■ **Exercise data**
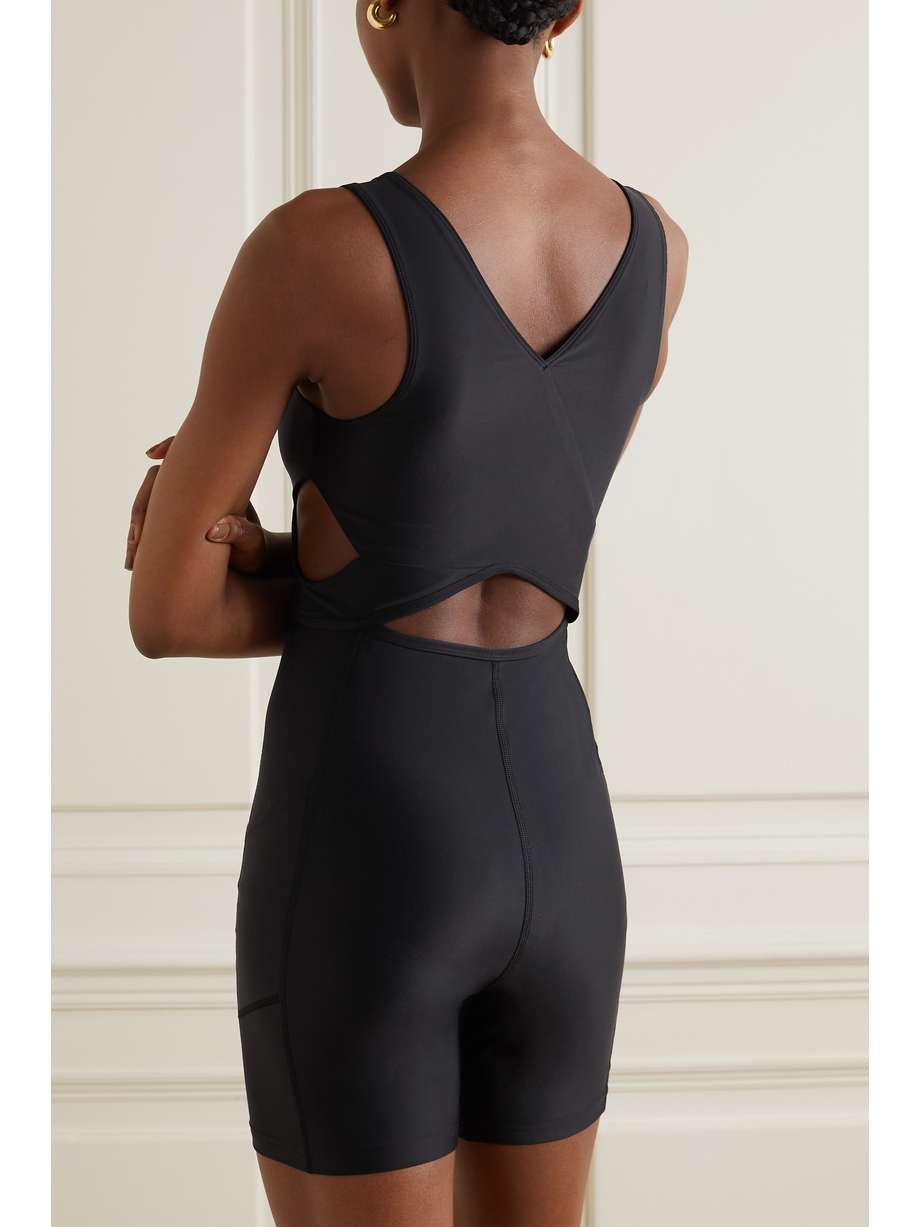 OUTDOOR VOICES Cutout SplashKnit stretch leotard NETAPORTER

...

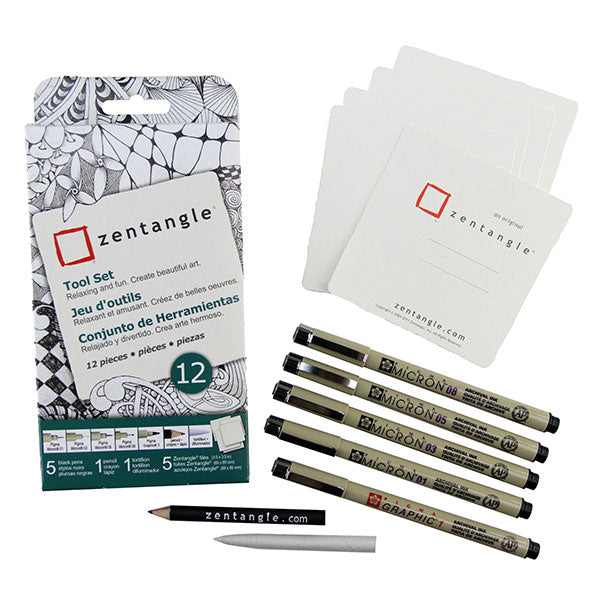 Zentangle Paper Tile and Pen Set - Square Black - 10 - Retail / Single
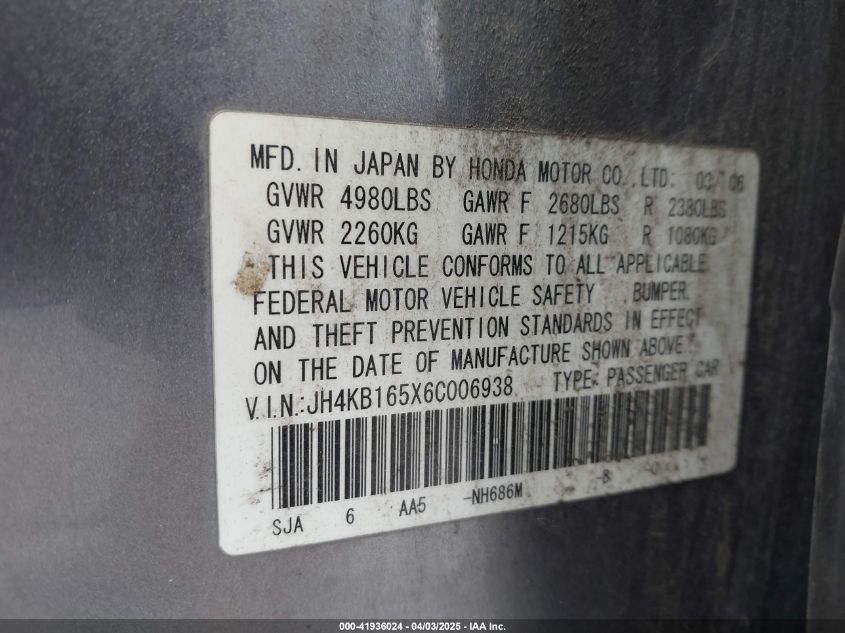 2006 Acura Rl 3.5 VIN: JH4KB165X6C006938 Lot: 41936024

* * *

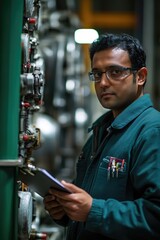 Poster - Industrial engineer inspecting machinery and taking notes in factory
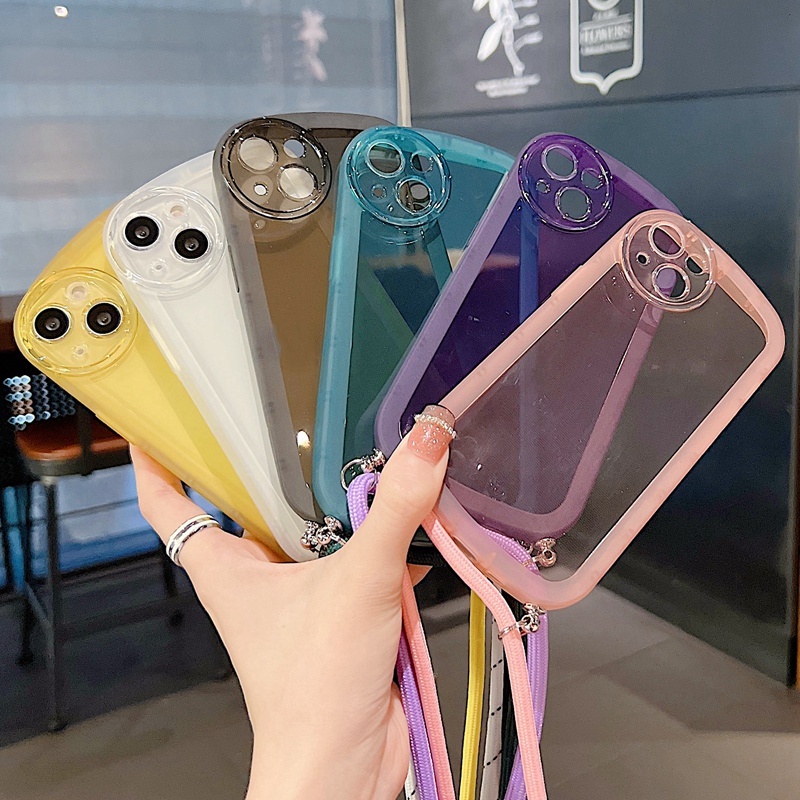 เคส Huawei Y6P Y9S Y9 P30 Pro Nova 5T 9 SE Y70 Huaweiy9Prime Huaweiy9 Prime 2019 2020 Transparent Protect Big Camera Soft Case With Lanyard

■ **Exercise**
Though the entries above contain pictures, none should be copied; reproduce only the lines between the one holding "Zentangle Paper Tile" and the one holding "2006 Acura Rl", inclusive, exactly as written.

■ **Exercise solution**
 Zentangle Paper Tile and Pen Set - Square Black - 10 - Retail / Single
 2006 Acura Rl 3.5 VIN: JH4KB165X6C006938 Lot: 41936024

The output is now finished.